→ **Your assignment**:
Could you give the listing again exactly, without its pictures?

→ **Available data**:
##########
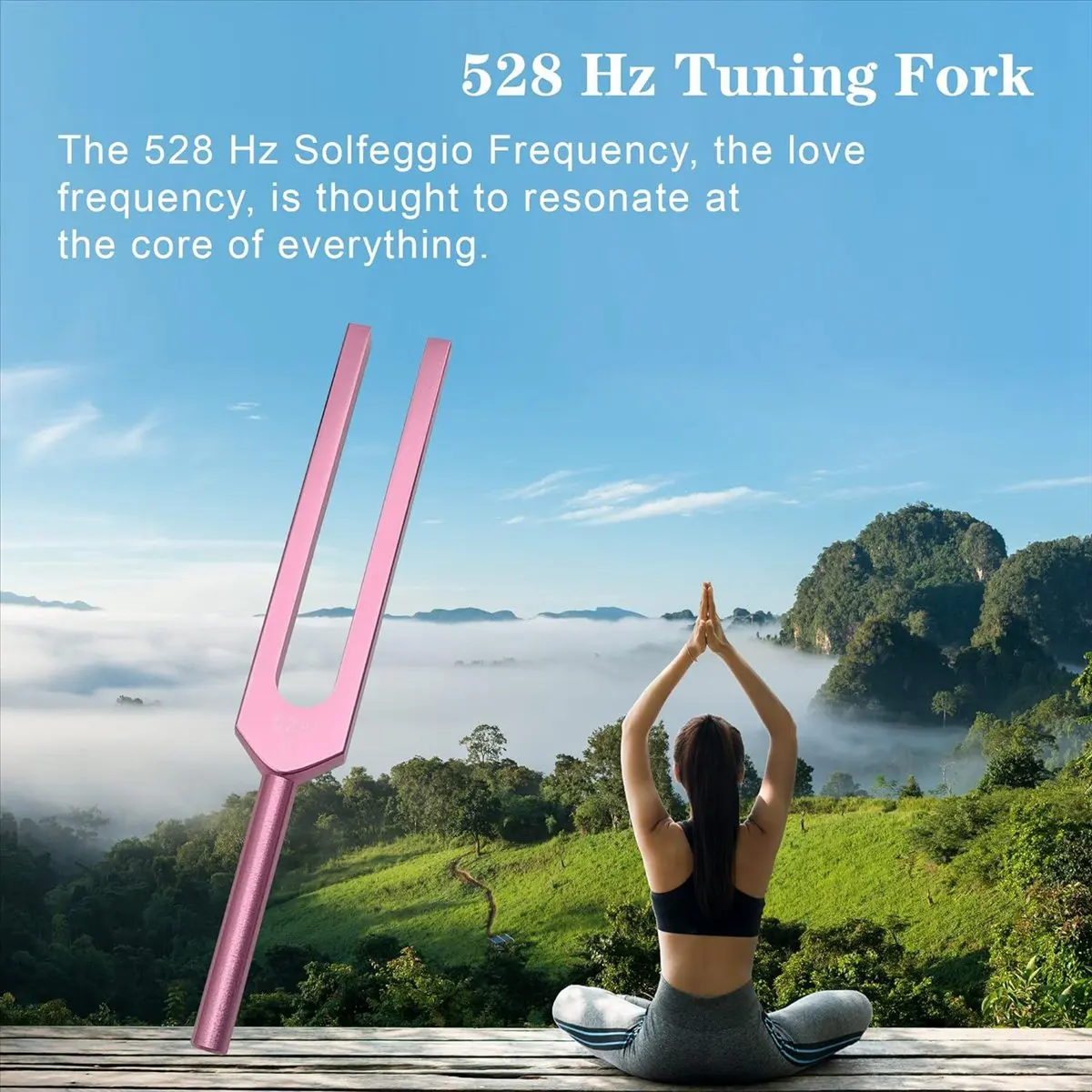 A50U 튜닝 포크, 차크라 치유, 사운드 테라피, 신체, 마음, 정신의 완벽한 조화를 유지하는 528Hz 튜닝 포크, 핑크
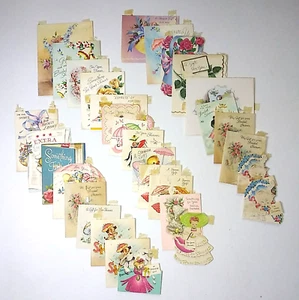 Lote de 30+ tarjetas de ducha nupcial vintage artesanas usadas álbum de recortes efímero - Imagen 1 de 4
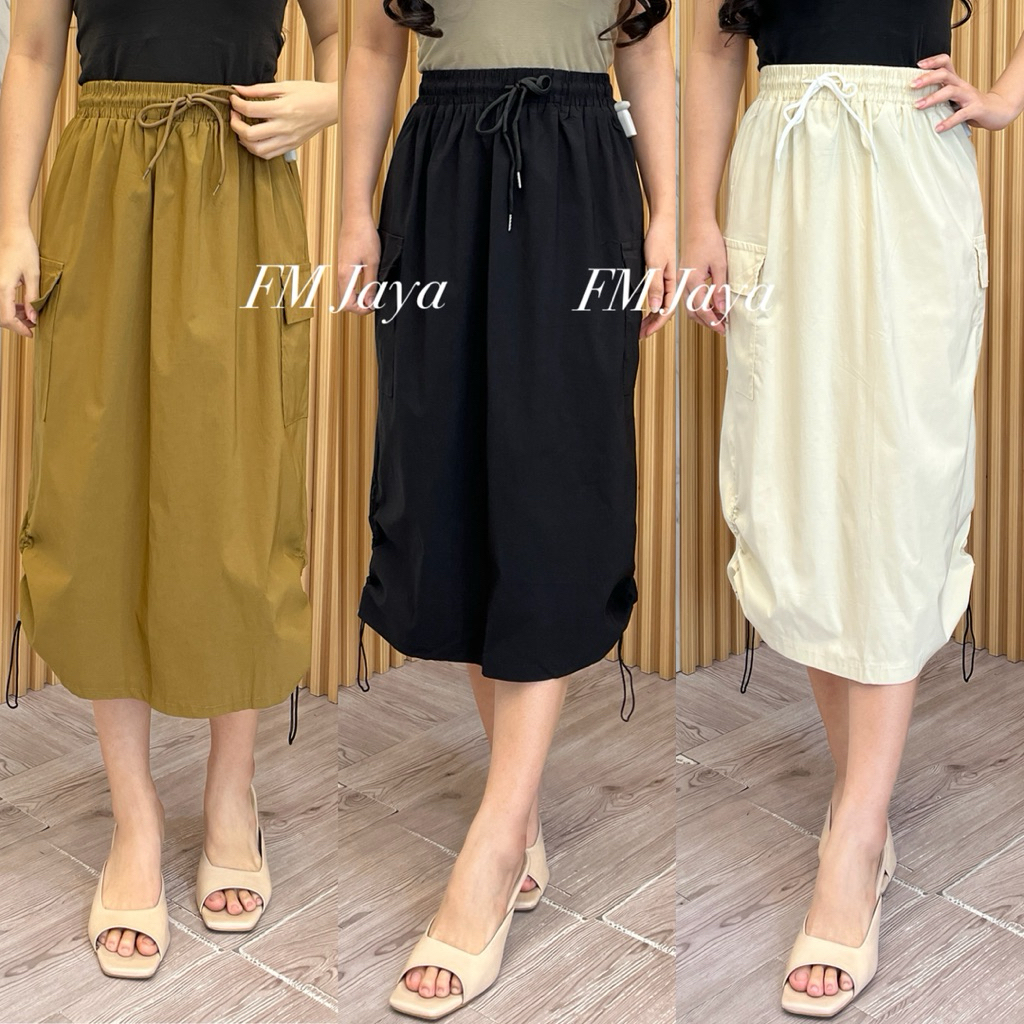 ROK CARGO WANITA PREMIUM 8806 || ROK PANJANG CARGO || ROK CARGO SERUT WANKTA FASHION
##########
→ **Answer area**:
 A50U 튜닝 포크, 차크라 치유, 사운드 테라피, 신체, 마음, 정신의 완벽한 조화를 유지하는 528Hz 튜닝 포크, 핑크
 Lote de 30+ tarjetas de ducha nupcial vintage artesanas usadas álbum de recortes efímero - Imagen 1 de 4
 ROK CARGO WANITA PREMIUM 8806 || ROK PANJANG CARGO || ROK CARGO SERUT WANKTA FASHION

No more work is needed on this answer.